Prompt
What is needed is an exact reproduction of the lines in the records below, starting at the line with "GLOBAL WORK（グロ" and ending at the line with "300mm Knot Wire", both included, and nothing else; pictures stay out.

(Short descriptive text snippets)
--- START ---

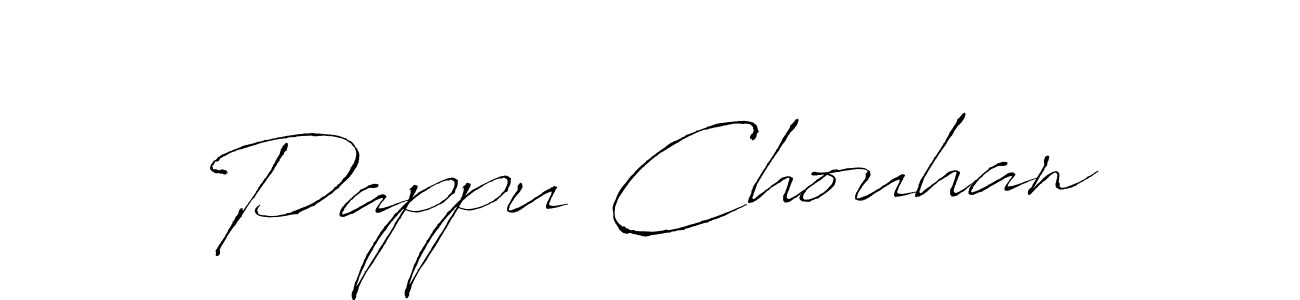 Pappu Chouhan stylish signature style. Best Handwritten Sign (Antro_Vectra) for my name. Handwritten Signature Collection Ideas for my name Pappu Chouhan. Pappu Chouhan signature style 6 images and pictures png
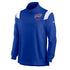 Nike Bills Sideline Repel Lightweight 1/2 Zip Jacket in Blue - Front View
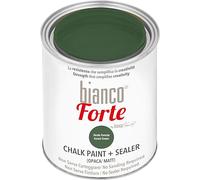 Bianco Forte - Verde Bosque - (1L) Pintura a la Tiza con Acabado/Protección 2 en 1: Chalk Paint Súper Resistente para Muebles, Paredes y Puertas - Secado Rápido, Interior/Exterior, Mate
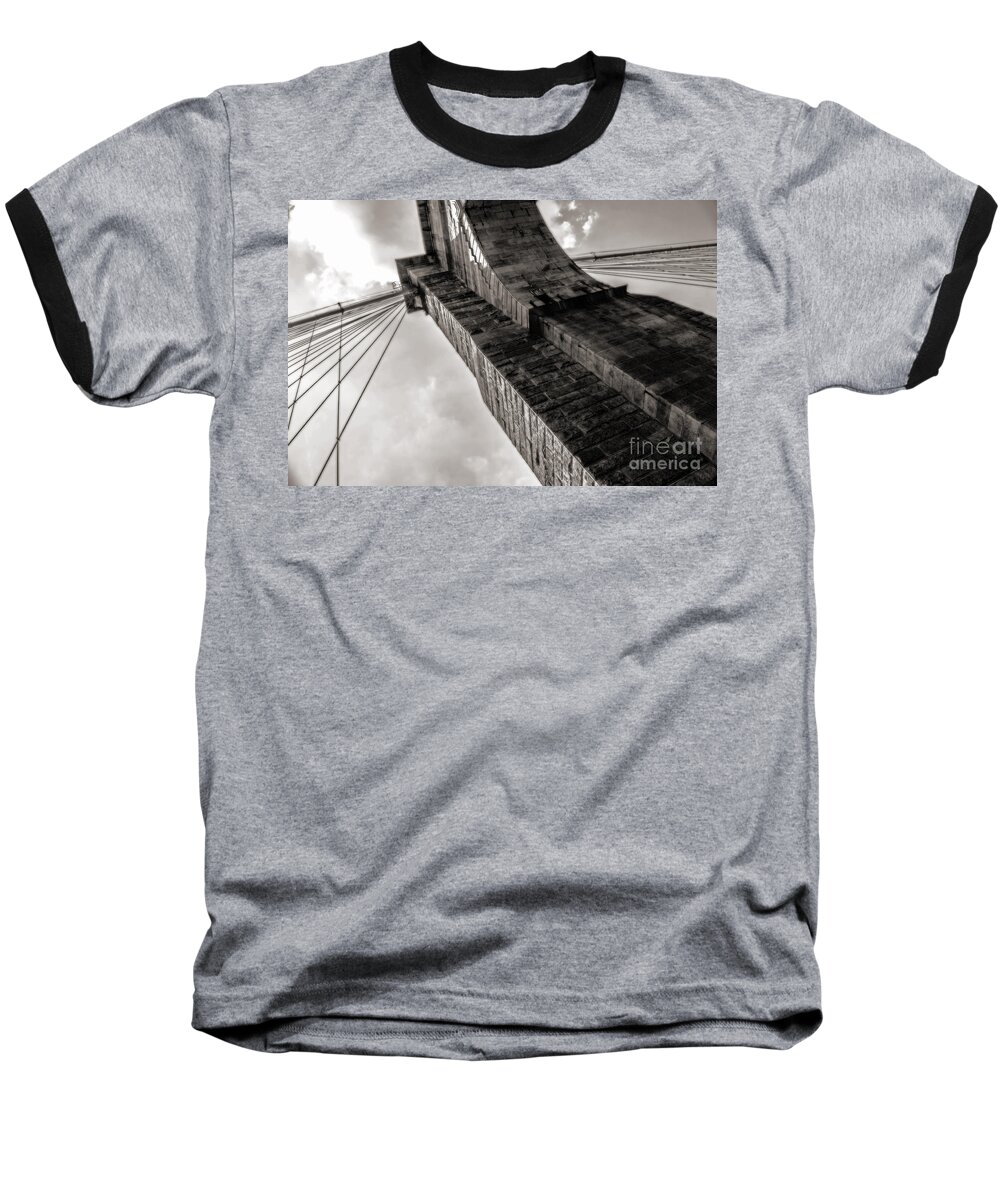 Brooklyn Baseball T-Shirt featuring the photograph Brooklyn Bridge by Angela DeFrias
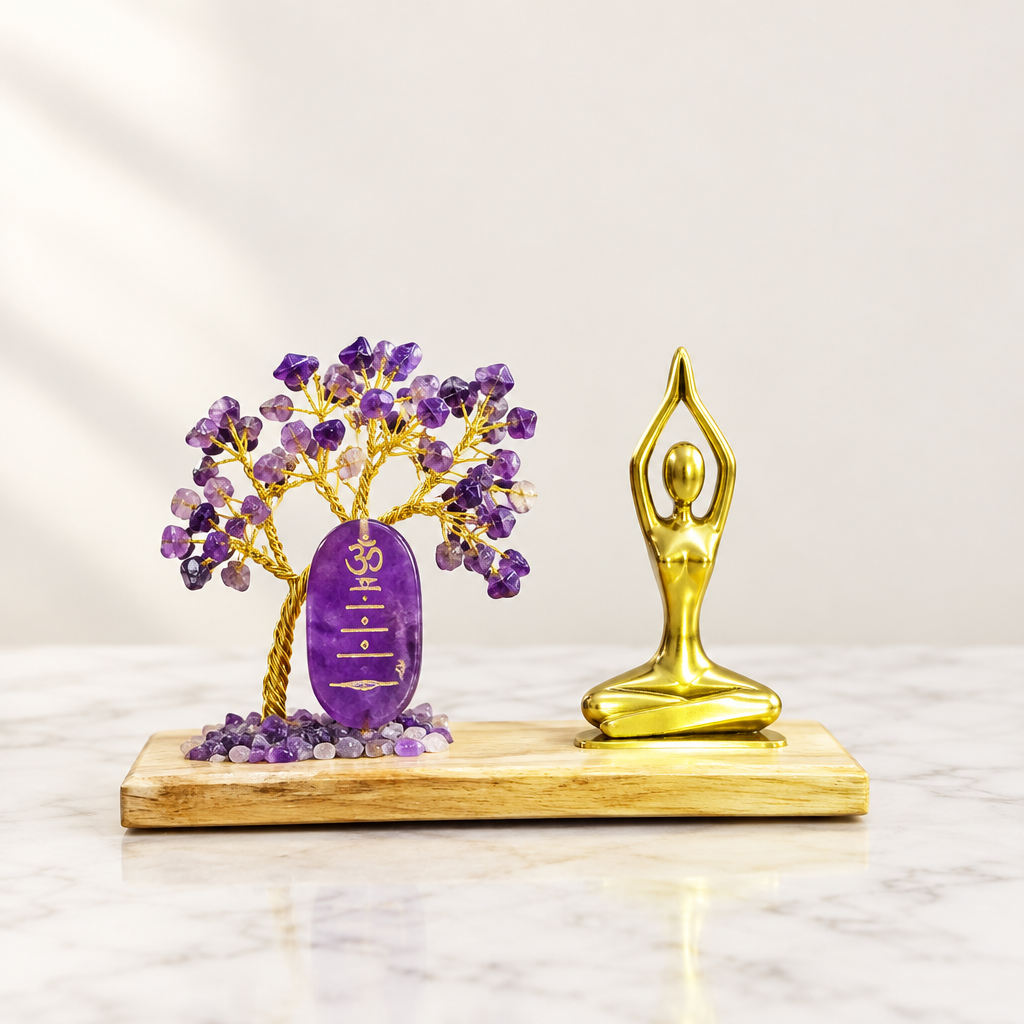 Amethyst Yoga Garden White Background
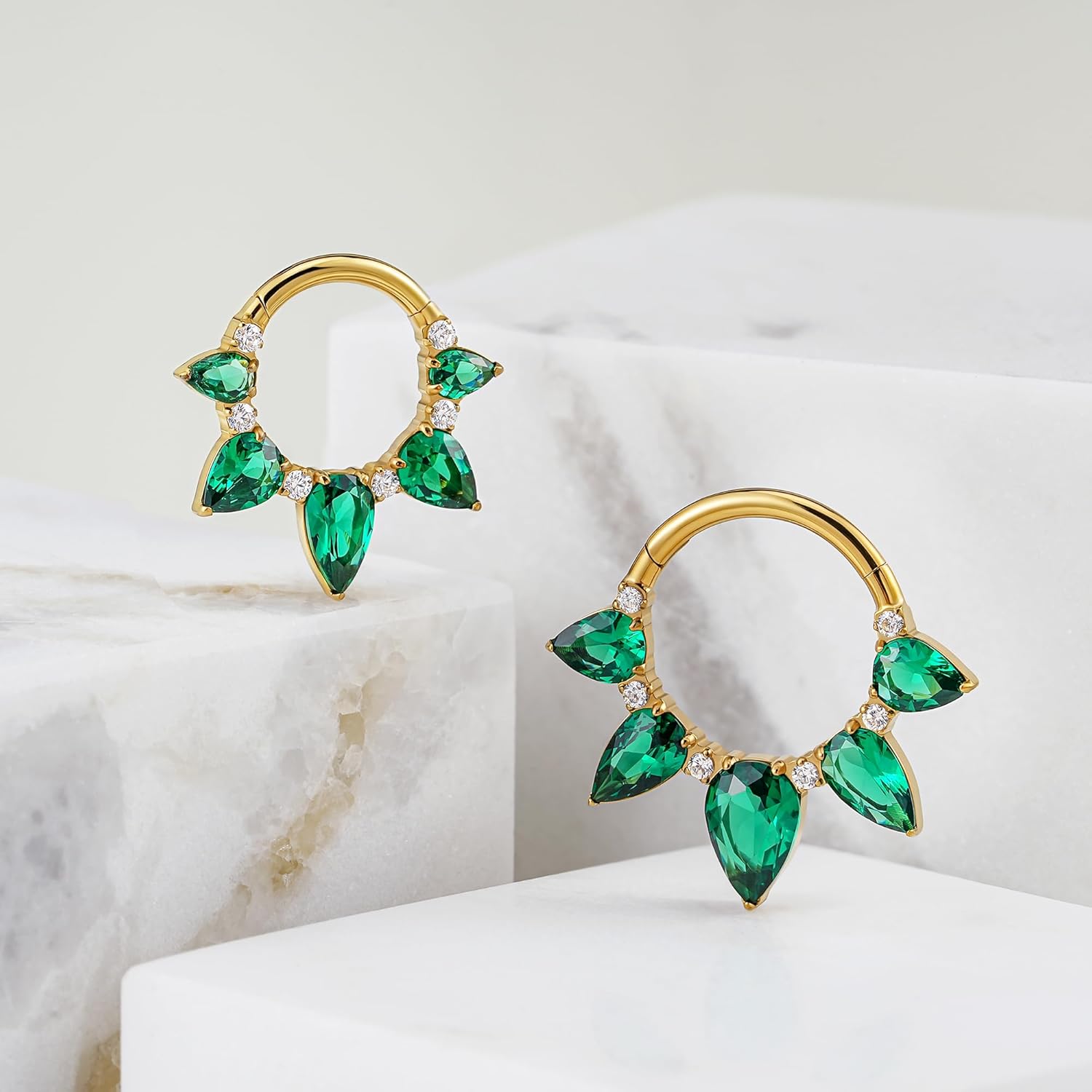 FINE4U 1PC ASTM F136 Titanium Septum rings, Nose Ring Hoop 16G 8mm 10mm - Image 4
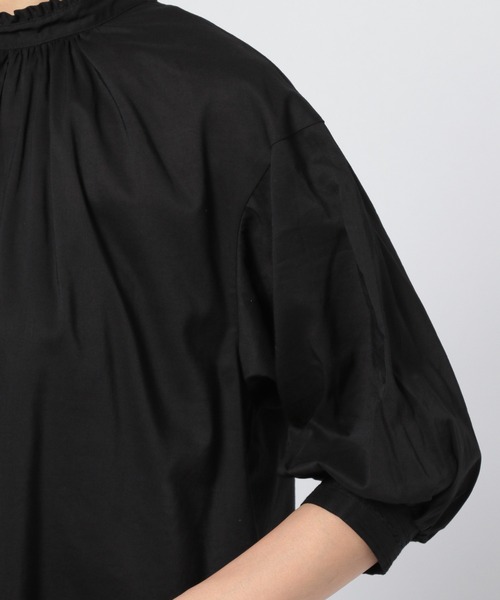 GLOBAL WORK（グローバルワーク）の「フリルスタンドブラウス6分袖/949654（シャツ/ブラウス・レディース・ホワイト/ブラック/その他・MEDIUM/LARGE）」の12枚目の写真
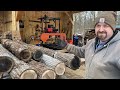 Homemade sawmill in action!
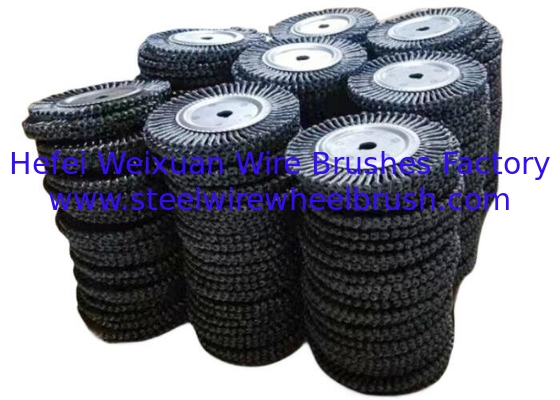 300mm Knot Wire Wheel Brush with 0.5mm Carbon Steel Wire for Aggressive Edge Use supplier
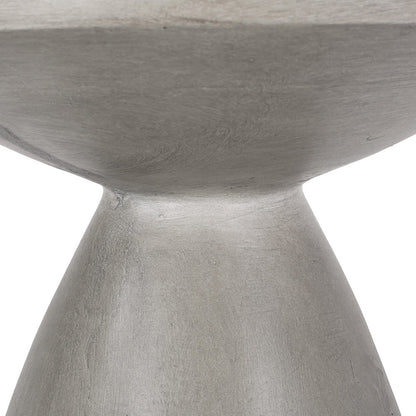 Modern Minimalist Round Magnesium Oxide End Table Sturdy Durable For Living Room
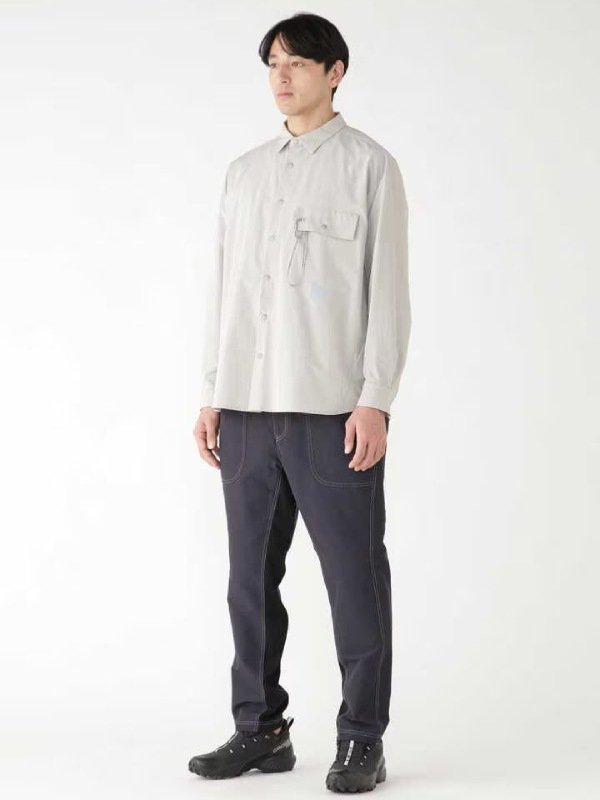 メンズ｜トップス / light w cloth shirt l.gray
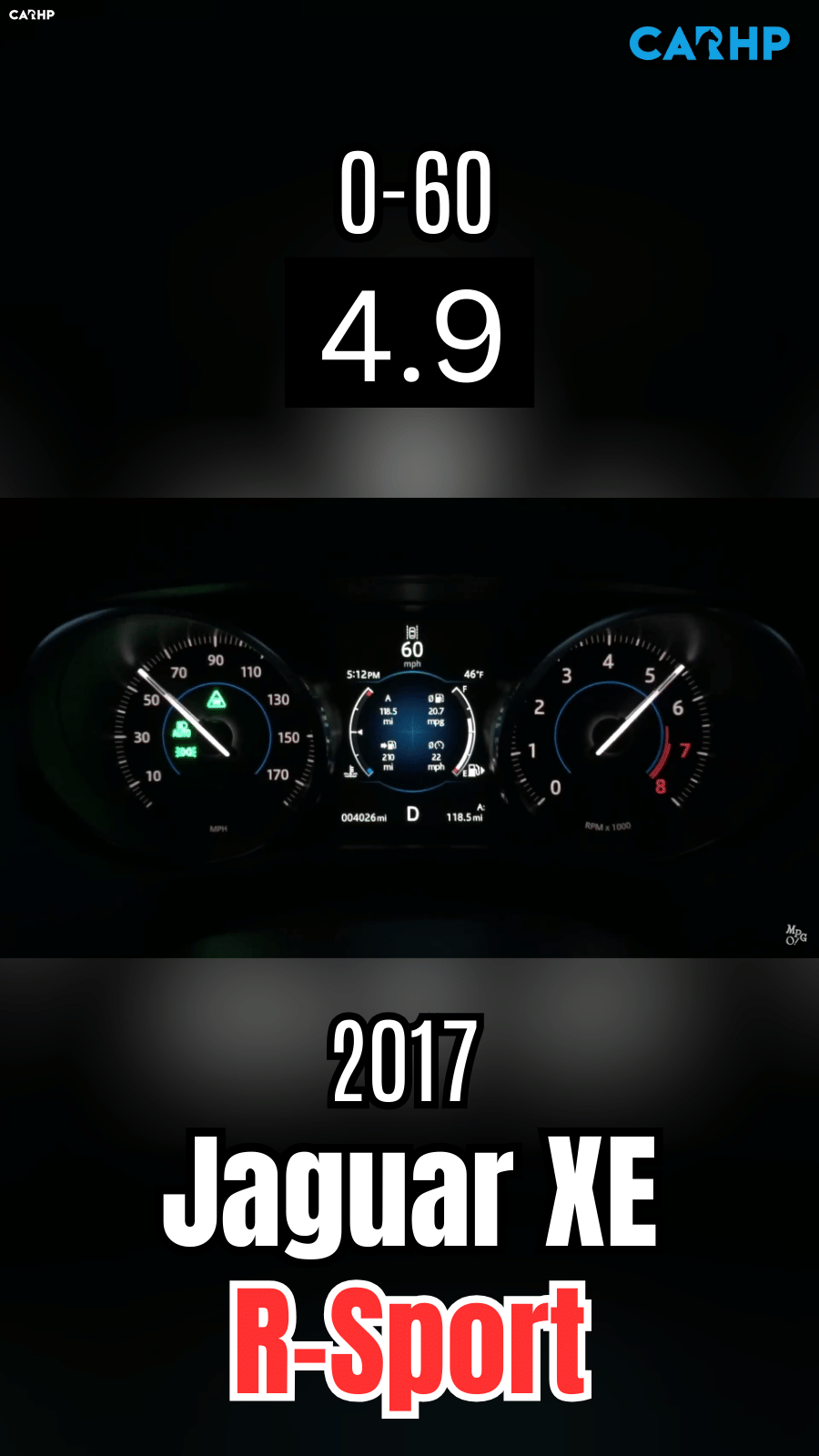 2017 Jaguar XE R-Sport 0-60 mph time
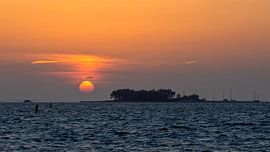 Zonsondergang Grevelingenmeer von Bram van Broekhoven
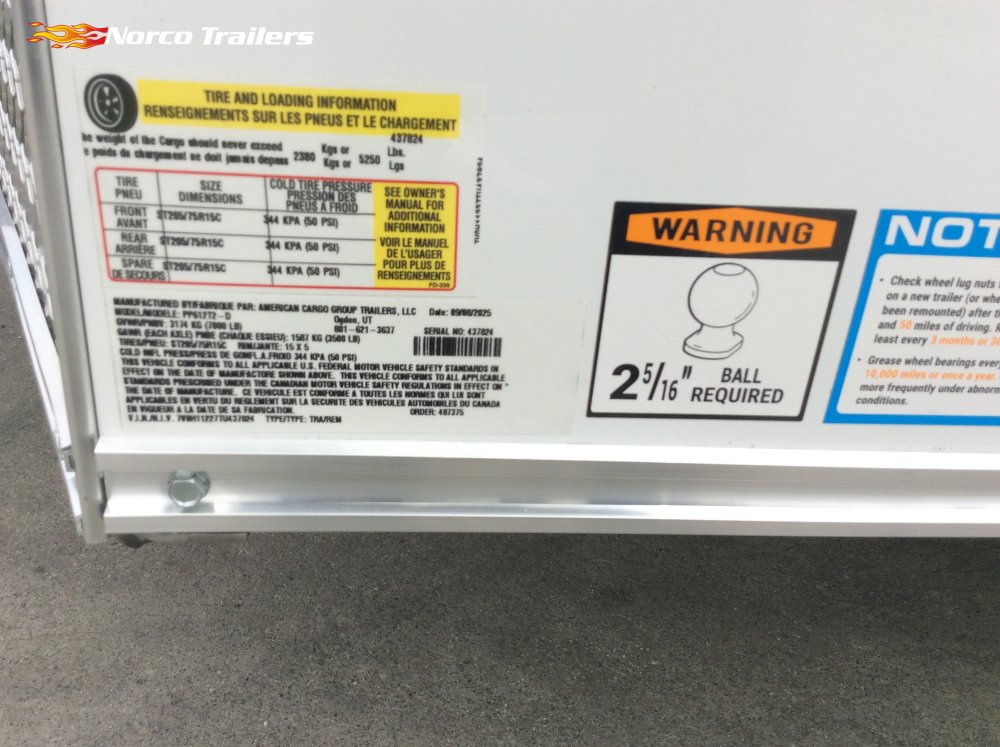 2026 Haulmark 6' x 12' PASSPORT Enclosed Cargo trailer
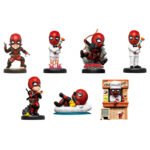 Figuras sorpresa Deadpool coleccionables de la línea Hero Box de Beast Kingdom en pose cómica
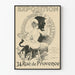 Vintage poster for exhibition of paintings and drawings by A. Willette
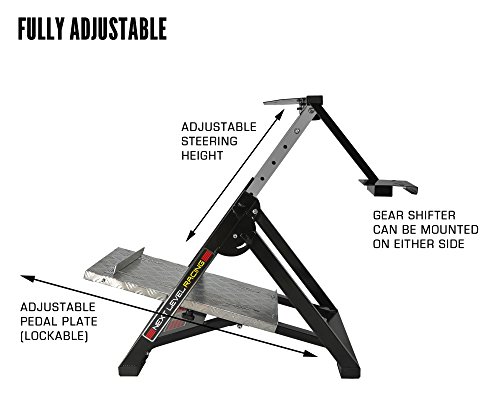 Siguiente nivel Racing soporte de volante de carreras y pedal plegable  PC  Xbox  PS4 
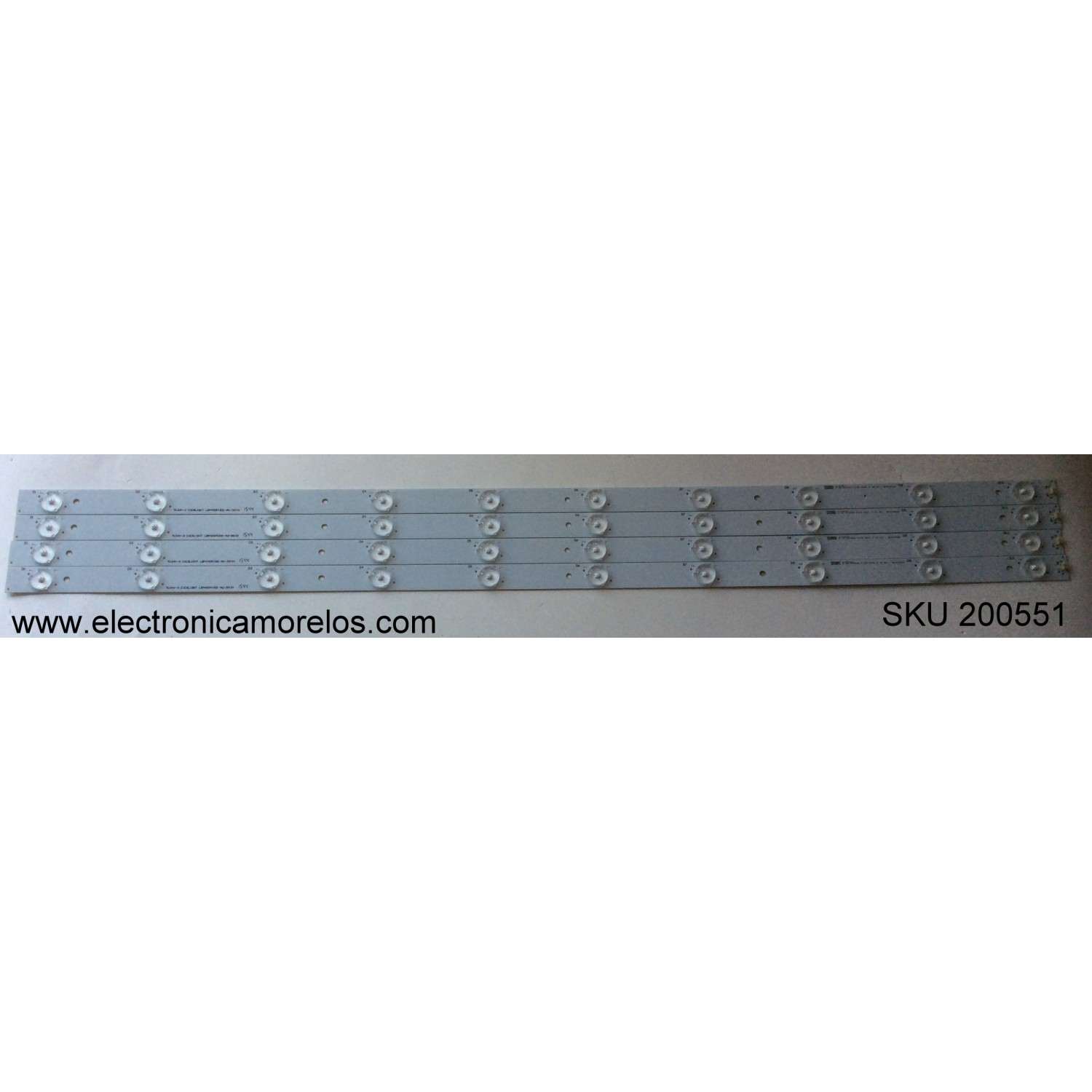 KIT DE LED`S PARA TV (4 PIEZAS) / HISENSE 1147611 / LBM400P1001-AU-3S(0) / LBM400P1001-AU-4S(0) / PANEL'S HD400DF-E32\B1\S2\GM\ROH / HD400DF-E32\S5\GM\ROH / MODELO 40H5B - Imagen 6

--- END ---

Answer below
 GLOBAL WORK（グローバルワーク）の「フリルスタンドブラウス6分袖/949654（シャツ/ブラウス・レディース・ホワイト/ブラック/その他・MEDIUM/LARGE）」の12枚目の写真
 Homemade sawmill in action!
 300mm Knot Wire Wheel Brush with 0.5mm Carbon Steel Wire for Aggressive Edge Use supplier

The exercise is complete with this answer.